Only one stretch of the data below should be repeated: the lines from the line containing "Kycklingar i Blomsterträdgårdens" through the line containing "Zasłona na kanale", inclusive, exactly as they are.

DATA FOR PROCESSING
____________

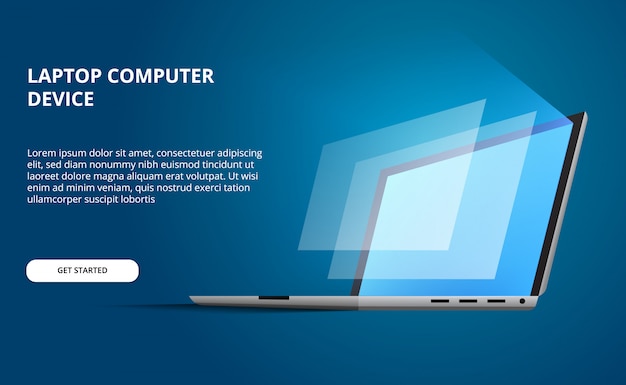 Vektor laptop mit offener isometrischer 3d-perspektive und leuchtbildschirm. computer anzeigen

____________

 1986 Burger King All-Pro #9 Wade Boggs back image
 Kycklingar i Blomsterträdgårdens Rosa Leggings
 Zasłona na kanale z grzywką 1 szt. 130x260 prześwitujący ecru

____________

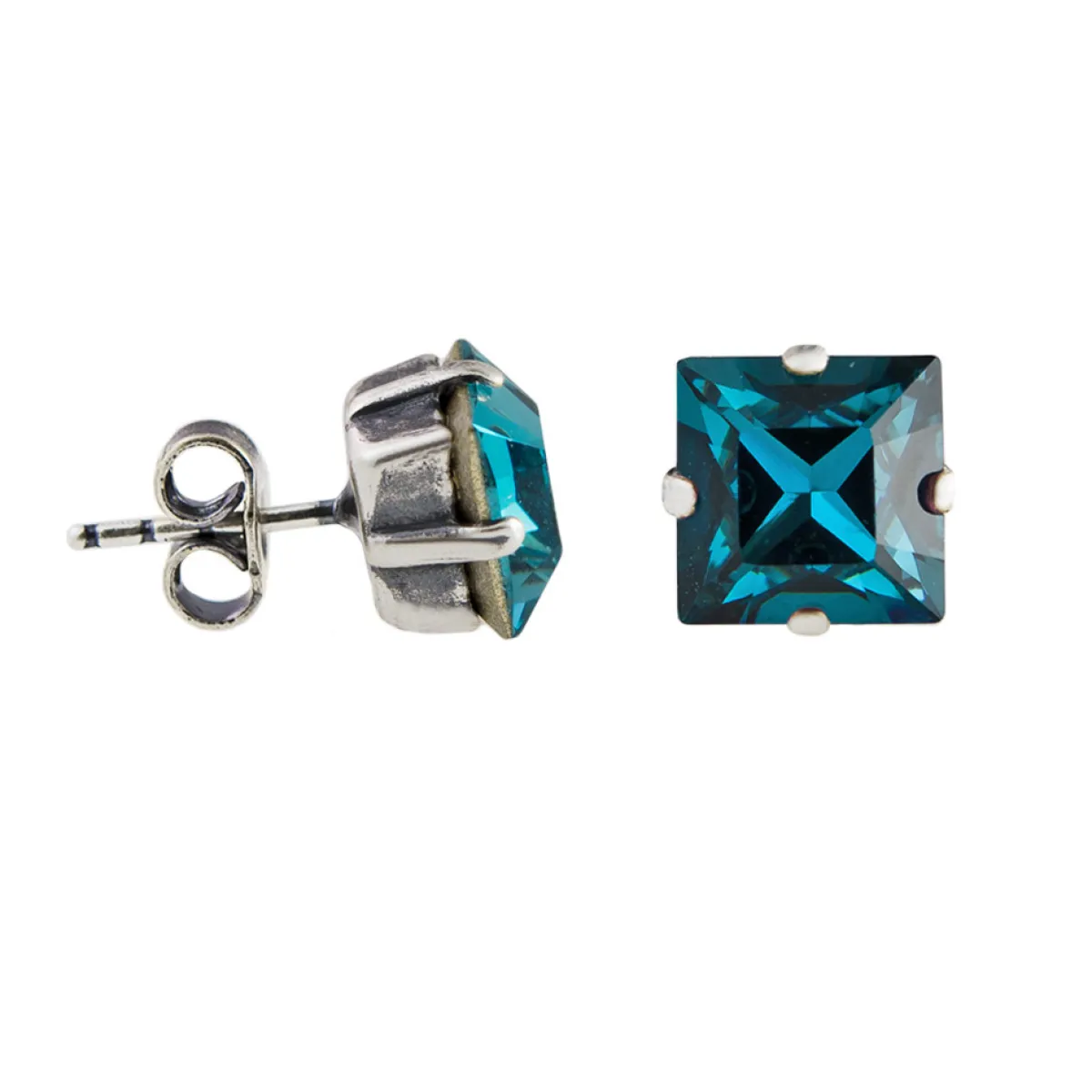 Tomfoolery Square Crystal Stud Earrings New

____________

OUTPUT OF THE TASK
 Kycklingar i Blomsterträdgårdens Rosa Leggings
 Zasłona na kanale z grzywką 1 szt. 130x260 prześwitujący ecru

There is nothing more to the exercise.